Wednesday, August 17, 2022

denmark isn't entirely immune to rackets

denmark is largely a country of very little corruption and few signs of racketeering, but (you knew there was a but) the odd thing pops up now and again. years ago, i realized the whole setup around the .dk domains was one big mafia. i also suspect the way you get a driver's license in denmark is similar - with a whole apparatus built up around "driving schools" (some dude with a "school vehicle" sign that he mounts on the top of his skoda sedan and charges 20,000kr to "teach" you to drive). and this week, i encountered a third example.

there's a scheme by which employers are forced to pay for you to have "screen glasses" if you do a lot work in front of a computer. i recently realized that i am having trouble properly reading the fine print on my screen(s) (getting old, you say?) and since my solution to not being able to see things to read them is to get about 2cm from said screen, i decided it was getting rather embarrassing and i broke down, filled out the form and made an appointment to get "screen glasses." (i'm putting that in quotation marks because i've been outside my native language for so long now that i'm no longer sure whether that's just a direct translation from danish or a real thing.)

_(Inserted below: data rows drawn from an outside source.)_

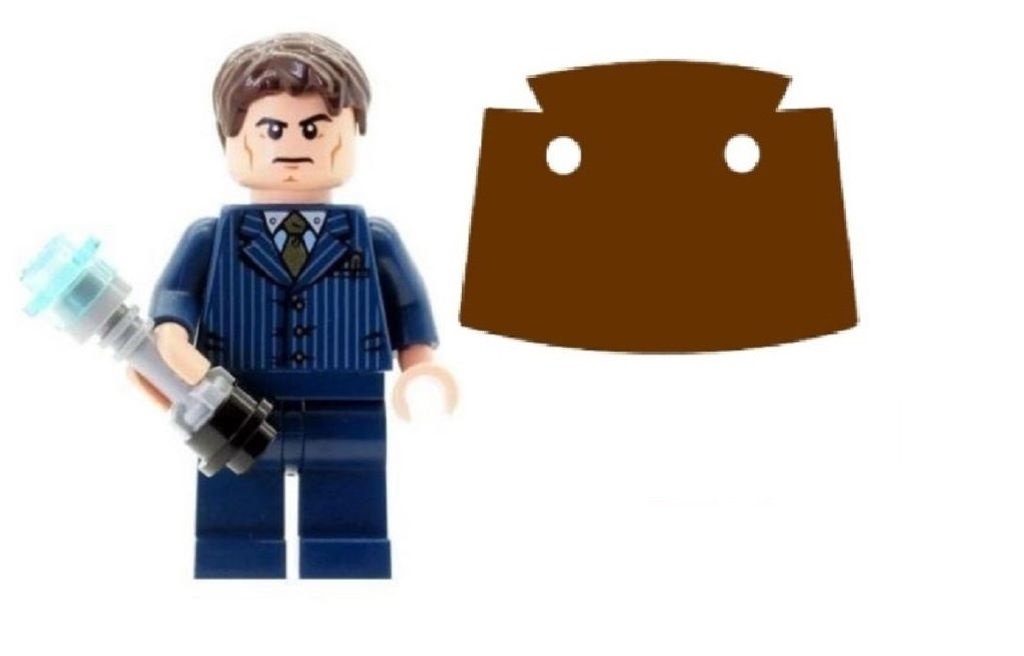 Lego david tennant hotsell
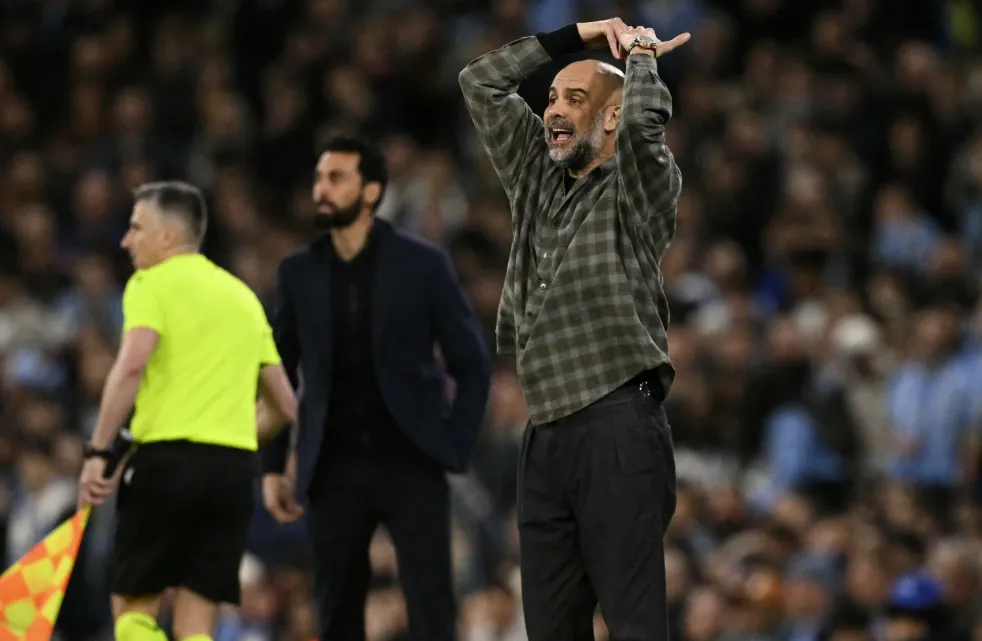 Manchester City: The Final Frontier
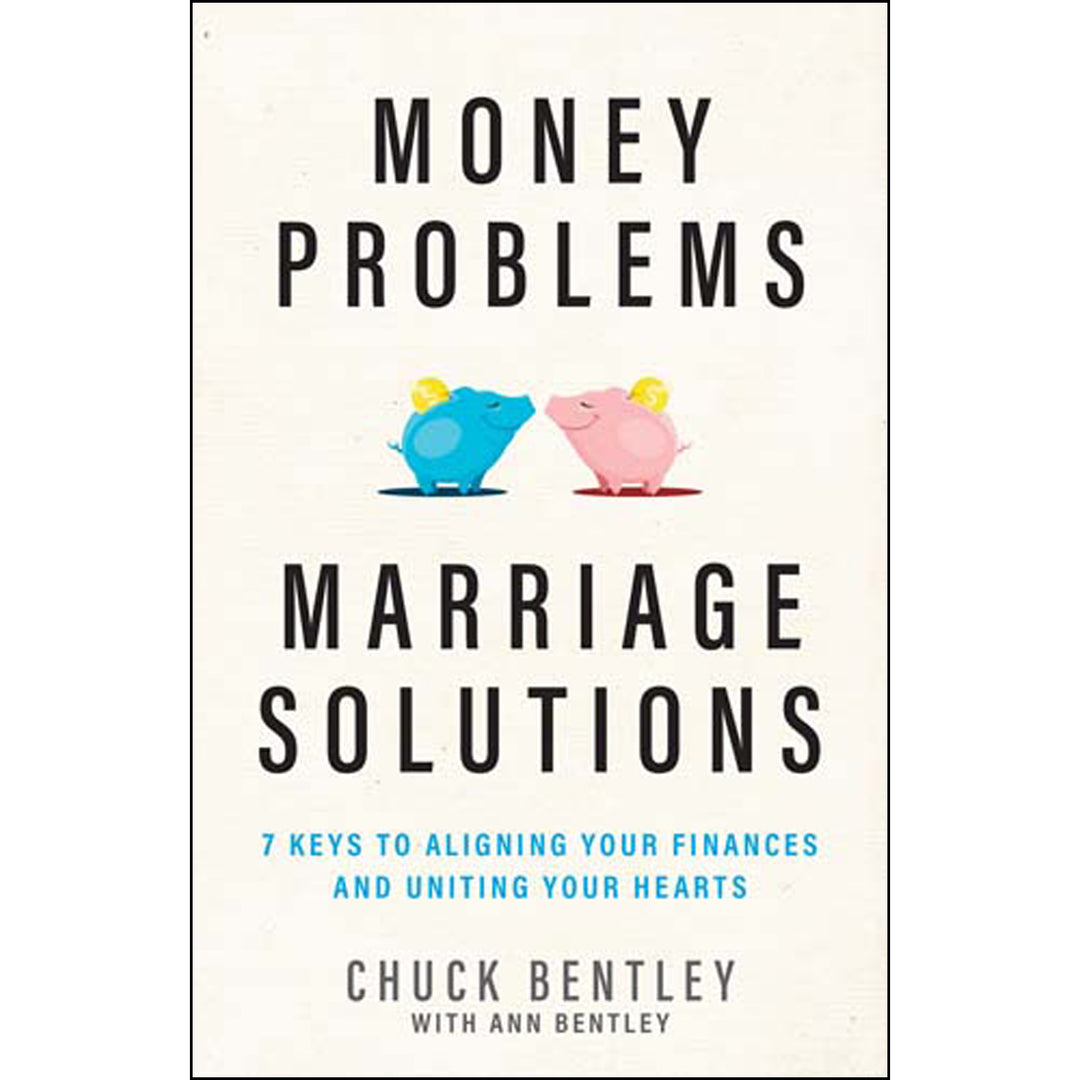 Money Problems Marriage Solutions (Paperback)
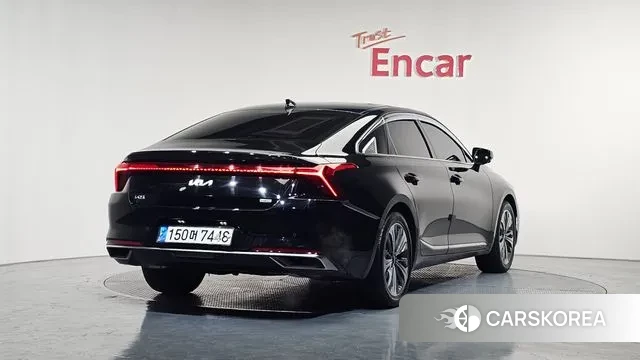 Kia K8 Hybrid id 3596720 из Кореи 12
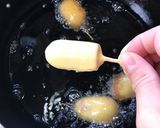 ミニアメリカンドッグ☆作り方5写真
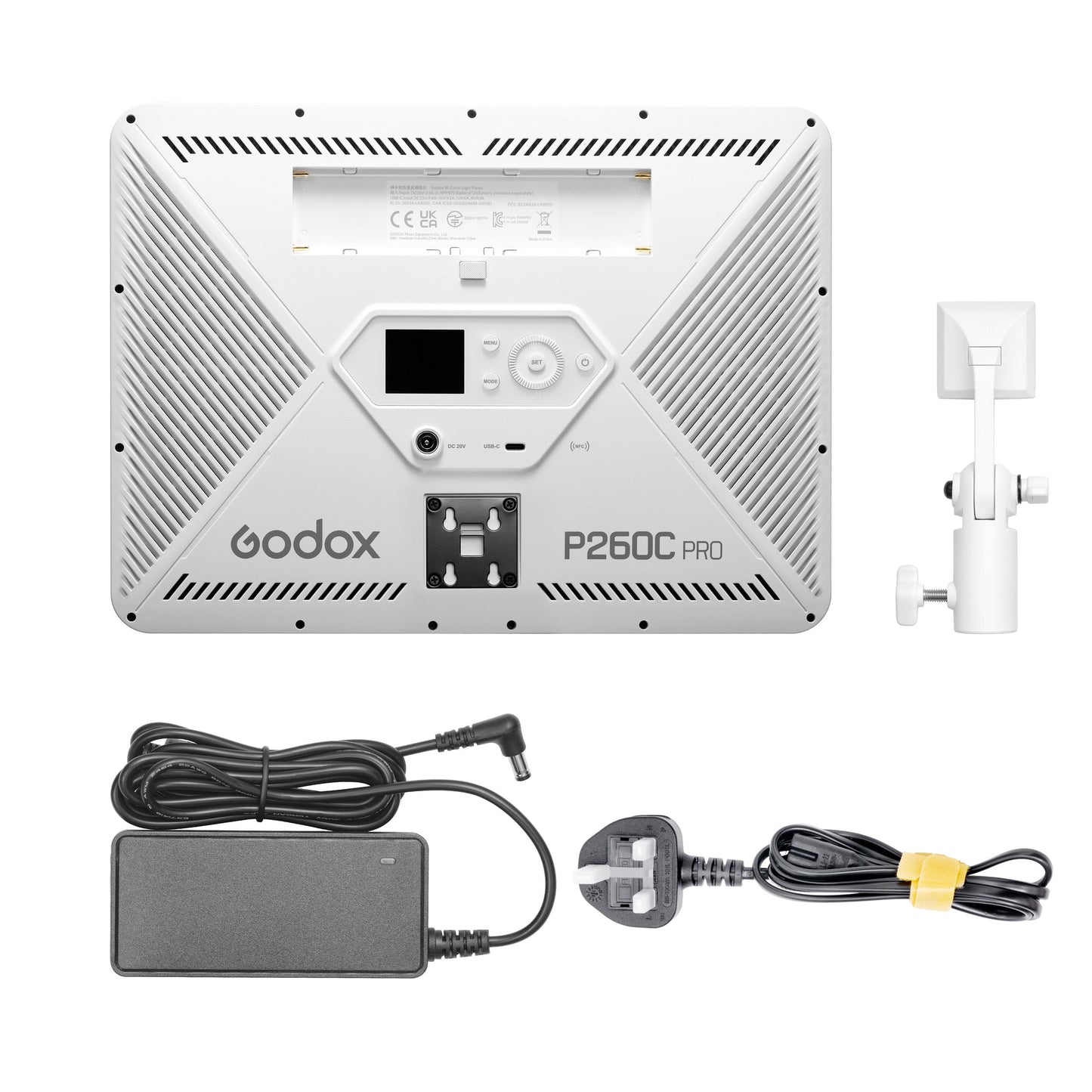 P260C Pro LED Light Panel 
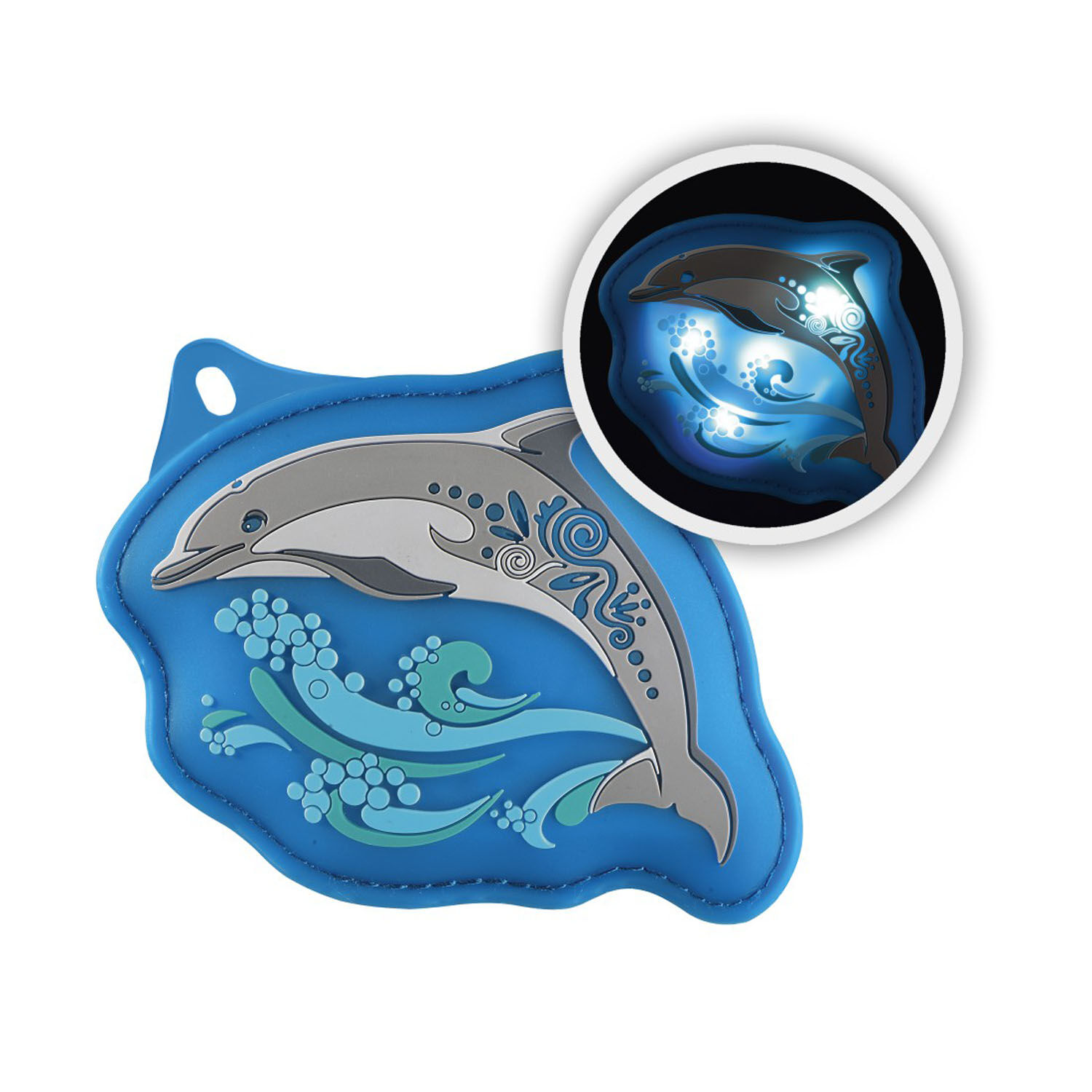 Step by Step MAGIC MAGS FLASH Jumping Dolphin Fips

i filled out the form, got it signed and stamped at work (oddly, that's apparently still a thing, though it felt like i had to teleport to 1990 to do it). i even got permission to use an old pair of my own frames for it, which felt quite sustainable of me. why get new frames when i had some that i knew i liked, just languishing here at home, unused since they were an old prescription. i went to the optician we are mandated to use (not my regular one). 

they immediately started asking me questions about where the glasses i was wearing came from. i found that a little weird. i said they were from another optician, but didn't specify where. it felt like none of his business. i handed him the form and reminded him that i was there for screen glasses. 

we did the eye test and then he started trying to up-sell me. i think the deal they have with companies has probably been pushed to the bare minimum by cynical purchasing people with some kind of bonus riding on how much they save. so he gave me the hard sell on premium glass. 

i asked what the company pays for and he said that the premium glass hadn't been ticked off on my form. i had filled out the form myself, so i knew that, and since i didn't know what any of those boxes had really meant (they were written in rather insider-y language), i hadn't ticked anything, thinking we'd be able to discuss. he really tried to push me to get the fancy glass, without telling me what it would cost. in the end, we agreed they would call my work and ask whether we could include the fancy lenses.

i was thinking that for glasses i'll wear only when i'm looking at my screen, i don't really need anything fancy. i chose my own old frames to be a bit more sustainable and to save a bit on new frames (i had admittedly heard that the choices were limited). naturally, my company didn't fall for the up-sell from our friends at louis nielsen (yes, i'm going to name names), so i'm getting normal glass. the guy called me and really tried the hard sell on the phone, telling me that the fanciest glass would cost more than 4,000kr. (that's over $500 these days). and i'm like, wait, what? thank you, no. 

clearly louis nielsen isn't too happy about the deal they've made to provide screen glasses for companies, so they try to push people into spending more than the company will allow, in order to try to recoup some of the costs. it seems rather like a racket to me. 


1 comment:

Sandra said...

It seems very American to me! I haven't heard of screen glasses. But then I haven't heard of a lot of things. Living in the land of grift, this is annoying but not up to the standard of true unfettered capitalism. :) Of course, you know this.